“And the tennis player?” Giulio would ask her.
“Is that what this is about, Giulio? Your biggest issue is Maccari? If you ever found the time to be honest with yourself, as ruthless with yourself as you know how to be with everyone else, whose flaws you never forgive, by the way, then maybe you’ll realize Maccari wasn’t the reason I left you. But you won’t do it, will you? You prefer to go digging around in my emails for answers, browse through all my messages, consoling yourself with the illusion that the explanation, the sense of it all, is hidden somewhere else.”
Giulio angrily snaps the laptop shut.
I was only trying to understand, I don’t need any consolation.
It’s not the gnome that has the power to disappear; it’s the forest that helps him do it. Because it’s the forest that protects him.

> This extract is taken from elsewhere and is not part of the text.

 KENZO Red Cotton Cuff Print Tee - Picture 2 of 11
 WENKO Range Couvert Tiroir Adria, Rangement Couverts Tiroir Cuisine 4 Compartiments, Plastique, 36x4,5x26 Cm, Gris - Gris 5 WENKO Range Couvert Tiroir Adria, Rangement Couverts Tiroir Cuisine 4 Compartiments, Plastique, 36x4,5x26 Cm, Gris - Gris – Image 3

Amanda had chosen the wrong day to take the bus. A bridge is like a picture hanging on the wall that comes down one day and ciao ciao. You turn away for an instant and the person you’re talking to is gone. One day someone tells you that from now on your life will be completely different. And you can sink or swim. Adapt or die.
Giampedretti emailed his report to Patrizia three days before she disappeared. Three days before the night of that damned March 11, when a man who, according to the prosecution, answers to the name of Giulio Rodari attacked her in that alley without realizing that the image was reflected in a window in view of a surveillance camera. And maybe Patrizia really had been working all those times she didn’t respond to his calls and brushed him off with a text: “I’m working, let’s talk tomorrow.” With the clarity Giulio believes he’s put together in this moment, perhaps he might be willing to believe that they weren’t just excuses, even if Maccari had been writing things like “Don’t you think you should move on from this story sooner or later?” The story, the only story. Bridge Day. The investigation. Patrizia couldn’t pull herself away. Persecuted by her ex, in his deranged stalker state, she kept working because she wanted to reopen the investigation.
Giulio feels a dim light come on in the dark.
Patrizia had commissioned a hydrogeological study to piece together elements that would convince the judge to reopen the investigation. Elements that were supposed to demonstrate the clear and objective responsibility for the deaths of seven people.
It’s a weak light. But it’s there.
Patrizia receives the report from the expert in charge. And after three days, she disappears.
Giulio approaches the laptop and opens it again. The Gmail screen reappears. The connection had been interrupted because he had let it idle. Procolharum.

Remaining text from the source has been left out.